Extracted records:
* * * * * * * * *
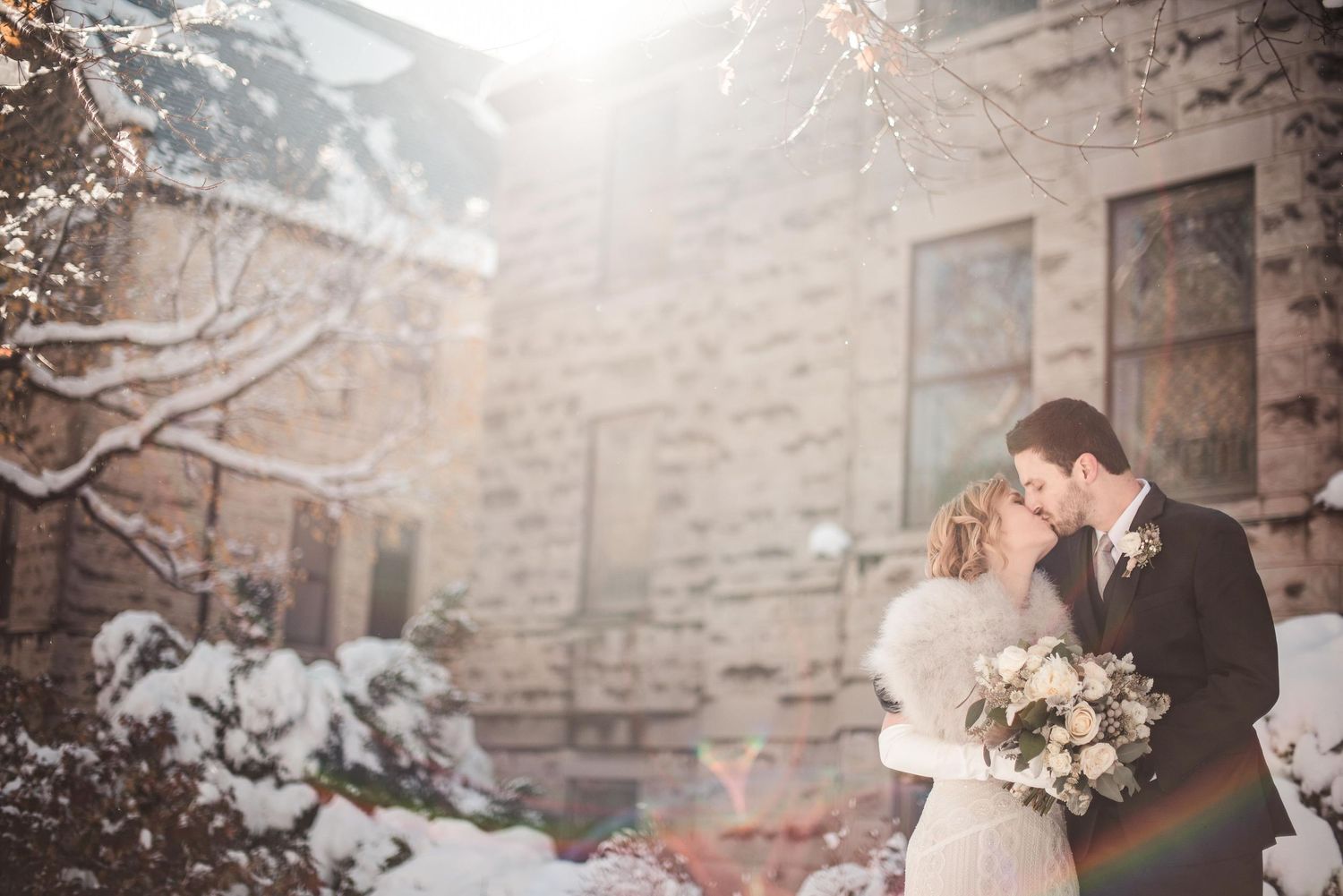 Bride and groom share a romantic kiss in a snowy winter wedding setting outside a stone building.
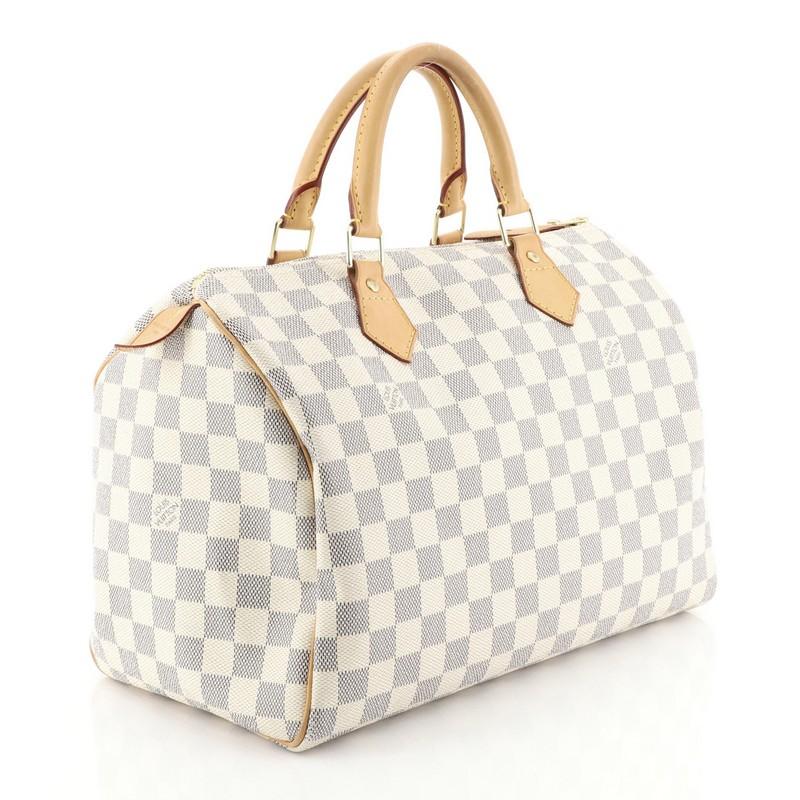 This Louis Vuitton Speedy Handbag Damier 30, crafted in damier azur coated canvas, features dual rolled handles, leather trim, and gold-tone hardware. Its zip closure opens to a neutral fabric interior with slip pocket. Authenticity code reads:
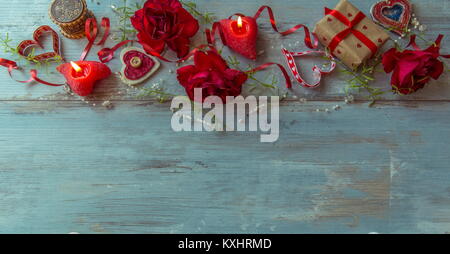 Valentines day background with red hearts, roses and candles, Valentine's day table place setting. Stock Photo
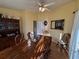 Bright dining area features a wooden table and a built-in china cabinet at 25527 Oak Aly, Leesburg, FL 34748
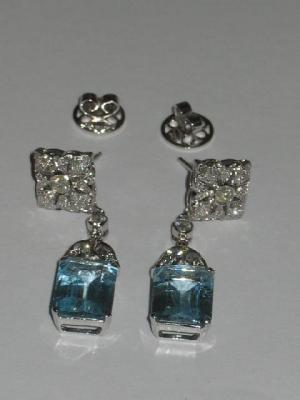 Appraisal: A PAIR OF AQUAMARINE AND DIAMOND EARRINGS comprising an emerald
* * * * * * * * *
EXERCISE: Where an entry contains an image, skip the image and write out the rest exactly.

EXERCISE OUTPUT:
 Bride and groom share a romantic kiss in a snowy winter wedding setting outside a stone building.
 This Louis Vuitton Speedy Handbag Damier 30, crafted in damier azur coated canvas, features dual rolled handles, leather trim, and gold-tone hardware. Its zip closure opens to a neutral fabric interior with slip pocket. Authenticity code reads:
 Valentines day background with red hearts, roses and candles, Valentine's day table place setting. Stock Photo
 Bright dining area features a wooden table and a built-in china cabinet at 25527 Oak Aly, Leesburg, FL 34748
 Appraisal: A PAIR OF AQUAMARINE AND DIAMOND EARRINGS comprising an emerald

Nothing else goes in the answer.